§ YOUR OBJECTIVE: Determine how many lines in the listing contain the string "hand". Only that number goes in the answer.

§ SUPPLIED MATERIAL:

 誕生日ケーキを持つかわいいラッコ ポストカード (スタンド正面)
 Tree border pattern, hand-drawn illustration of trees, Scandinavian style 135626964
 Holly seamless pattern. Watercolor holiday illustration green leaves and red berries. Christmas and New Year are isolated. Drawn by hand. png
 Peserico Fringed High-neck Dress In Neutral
...
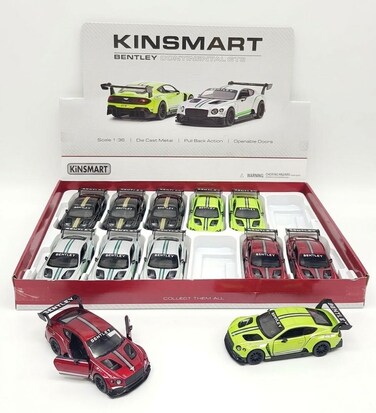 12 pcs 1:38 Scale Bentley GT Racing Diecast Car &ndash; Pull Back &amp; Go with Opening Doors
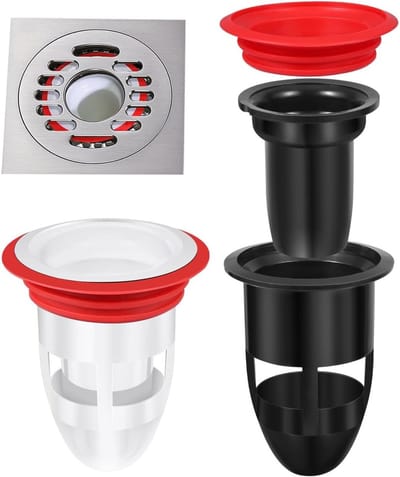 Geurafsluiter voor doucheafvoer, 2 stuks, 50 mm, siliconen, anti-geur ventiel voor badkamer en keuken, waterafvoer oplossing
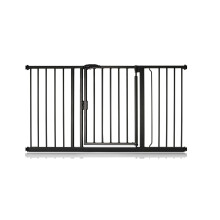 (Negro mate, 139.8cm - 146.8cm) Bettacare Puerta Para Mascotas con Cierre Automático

§ RESPONSE TO THE EXERCISE: 2